#### Task statement
Return the full listing character for character, without its pictures.

#### Dataset extract
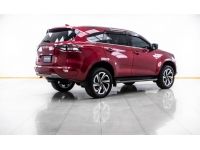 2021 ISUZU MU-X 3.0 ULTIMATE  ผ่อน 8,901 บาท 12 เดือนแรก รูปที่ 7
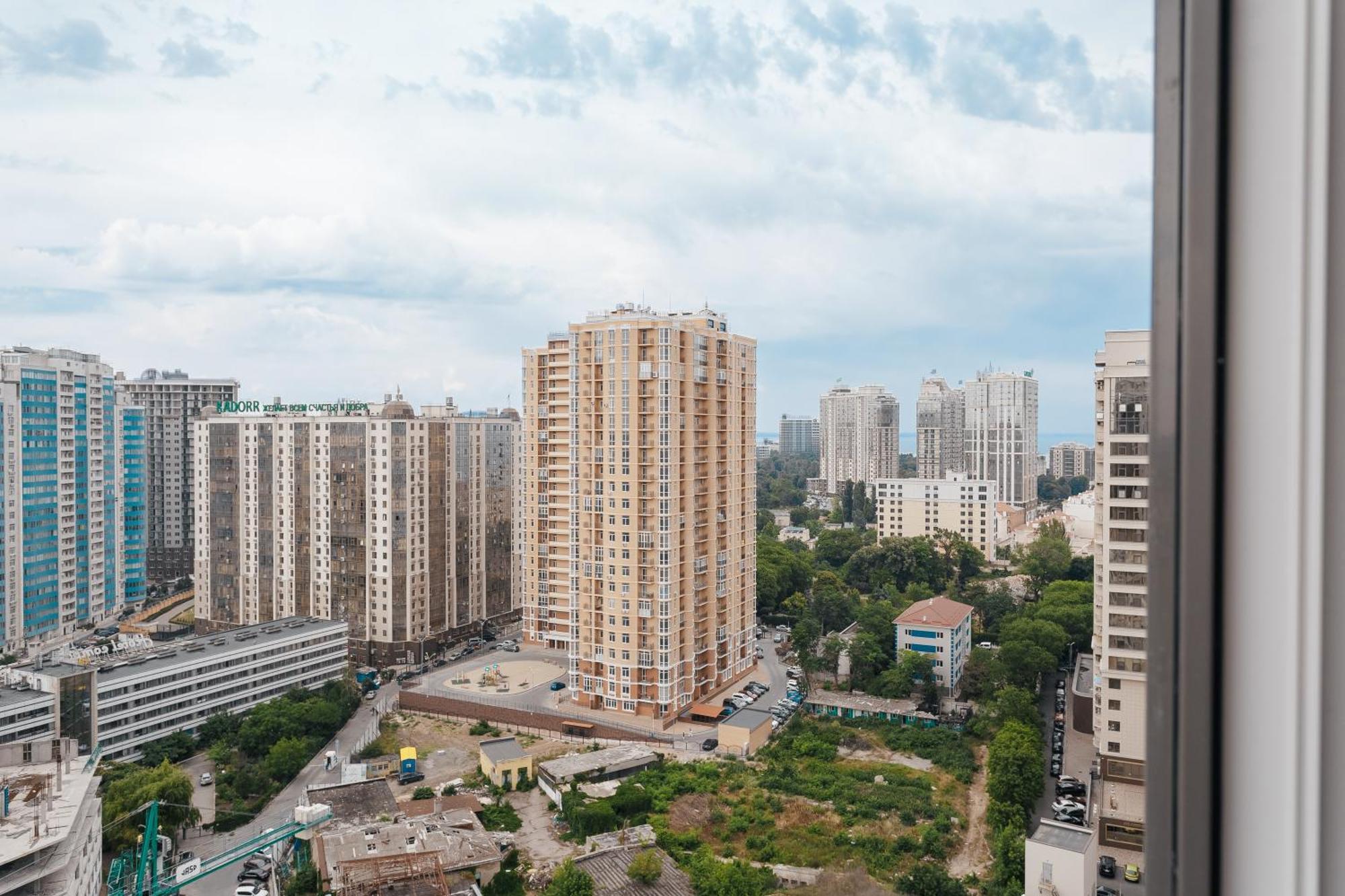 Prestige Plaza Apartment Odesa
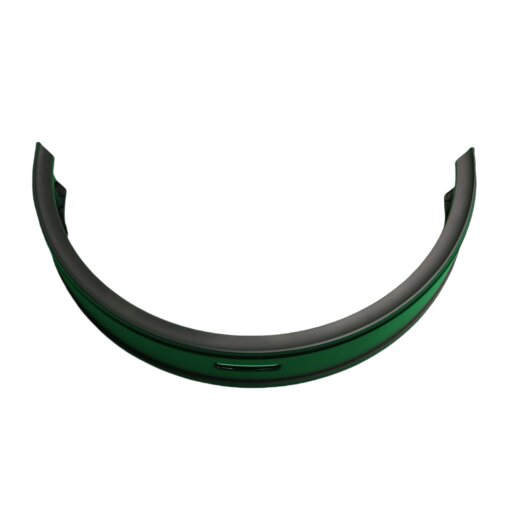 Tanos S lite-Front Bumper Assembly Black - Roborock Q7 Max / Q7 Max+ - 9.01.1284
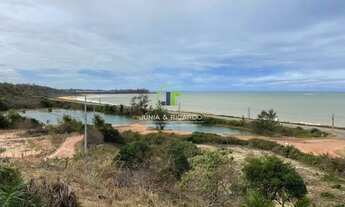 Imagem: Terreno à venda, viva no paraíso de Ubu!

#### Result of this exercise
 2021 ISUZU MU-X 3.0 ULTIMATE  ผ่อน 8,901 บาท 12 เดือนแรก รูปที่ 7
 Prestige Plaza Apartment Odesa
 Tanos S lite-Front Bumper Assembly Black - Roborock Q7 Max / Q7 Max+ - 9.01.1284
 Imagem: Terreno à venda, viva no paraíso de Ubu!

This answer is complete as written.